India Raises Rates, Signals End of Monetary Tightening Cycle
Oct. 25 (Bloomberg) -- India raised interest rates for a 13th time since the start of 2010 and signaled it's nearing the end of its record cycle of increases as the economy cools. Bonds rallied the most this year.
"The likelihood of a rate action in the December mid- quarter review is relatively low," the Reserve Bank of India said in a statement in Mumbai today after it boosted the repurchase rate to 8.5 percent from 8.25 percent. Eighteen of 28 economists in a Bloomberg News survey predicted the decision and the rest forecast no change.
Governor Duvvuri Subbarao may hold off on further monetary tightening after Brazil and Russia lowered borrowing costs in recent weeks and China kept rates unchanged since July amid Europe's debt crisis and a faltering U.S. recovery. The Reserve Bank today cut India's growth estimate to 7.6 percent from 8 percent for the current fiscal year and reiterated inflation would slow to 7 percent by March 31.
"The damage that rate increases are starting to inflict on the economy is getting larger," said Sanjay Mathur, Singapore- based head of research and strategy for non-Japan Asia at Royal Bank of Scotland Group Plc. "It's now time to assess the impact of the previous rate hikes on the economy and that's a very appropriate stance."
The yield on the 7.80 percent government note due 2021 dropped 12 basis points, or 0.12 percentage point, to 8.69 percent as of 11:30 a.m. in Mumbai. That is the lowest level since Oct. 5 and the biggest decline since Dec. 7, according to data compiled by Bloomberg. One-year interest-rate swaps slid the most this month as traders pared bets for rate increases.
The Reserve Bank also decided to deregulate the savings bank deposit rate, granting lenders the ability to set their own interest rates on deposits with immediate effect. Still, banks will have to offer a uniform rate on deposits up to 100,000 rupees irrespective of the amount in the account, the RBI said in its monetary policy review.
"Growth is showing clear signs of slowing and the global turmoil is becoming a risk," Rupa Rege Nitsure, a Mumbai-based economist at the state-owned Bank of Baroda, said before the decision. "The policy objective can't be to kill growth with too much tightening while trying to tame inflation."
Subbarao has increased the central bank's benchmark rate by 375 basis points since mid-March 2010, the fastest round of increases since the central bank was established in 1935, Bloomberg data show.
That's curbing consumer demand. Manufacturing in India grew in September at the slowest pace in 2 1/2 years, according to the Purchasing Managers' Index released by HSBC Holdings Plc and Markit Economics.

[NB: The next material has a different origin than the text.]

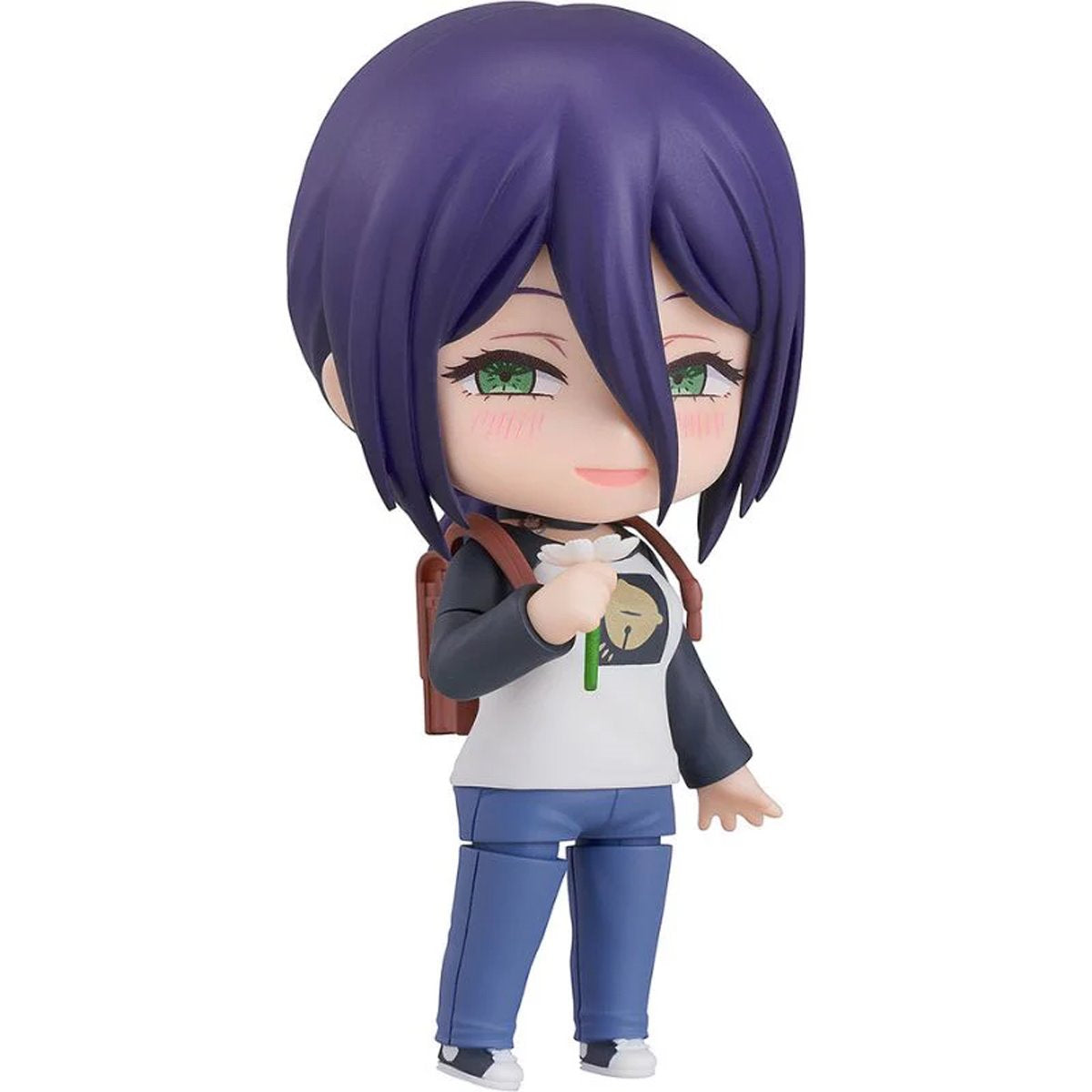 Chainsaw Man The Movie: Reze Arc Reze Casual Outfit Version Nendoroid Action Figure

India's automakers on Oct. 10 cut their car sales growth forecast for a second time this year as companies including Honda Motor Co. and Ford Motor Co. faced lower demand.
Officials from China to South Korea have refrained from raising rates in recent weeks to gauge whether slowing economic growth will dissipate price pressures. In Brazil, the central bank opted to lower its target Selic rate this month, the second cut in less than two months.

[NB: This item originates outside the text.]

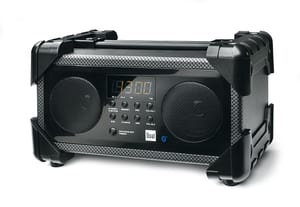 BTR 100 Bluetooth Radio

Subbarao said Oct. 12 that inflation must cool before India's central bank can start easing monetary policy. The Reserve Bank's next policy review is due Dec. 16.
India's benchmark wholesale-price inflation was 9.72 percent in September, staying above 9 percent since the start of December. By comparison, consumer prices rose 7.3 percent in Brazil, 6.1 percent in China and 7.2 percent in Russia.
"The rupee's decline is making imports costlier," and may add to price pressure, Suresh M. Hegde, Mumbai-based head of finance at Videocon Industries Ltd., an Indian maker of washing machines and air conditioners, said in an Oct. 19 interview. "We have no option but to pass on this burden to consumers." He didn't elaborate.
The rupee's drop is in line with other emerging-market currencies and "with falling global commodity prices partly offset by rupee depreciation, the risks to inflation projections are now balanced," the central bank said in a report yesterday.
Inflation will start to fall from December and ease to 7 percent by March before moderating further in the first half of the new fiscal year starting April 1, the central bank said today. Beyond December, "if the inflation trajectory conforms to projections, further rate hikes may not be warranted," the bank said.
Even so, the central bank said the government's "large" budget deficit has been an "important source" of demand pressure. "Clearly, the impact of tightening monetary policy has been diluted by the expansionary fiscal position, which is a sub-optimal outcome," the central bank said.
"Rate increases have not had the desired impact on inflation as fiscal policy stays loose," Amol Agrawal, a Mumbai-based economist at STCI Primary Dealer Ltd., said before the decision. "Monetary policy alone can't curb price gains. The government needs to cut its budget deficit too."
India's budget shortfall may widen to as much as 5.5 percent of gross domestic product in the year ending March 31, more than the government's 4.6 percent target, because of higher spending on fuel and food subsidies, Agrawal said.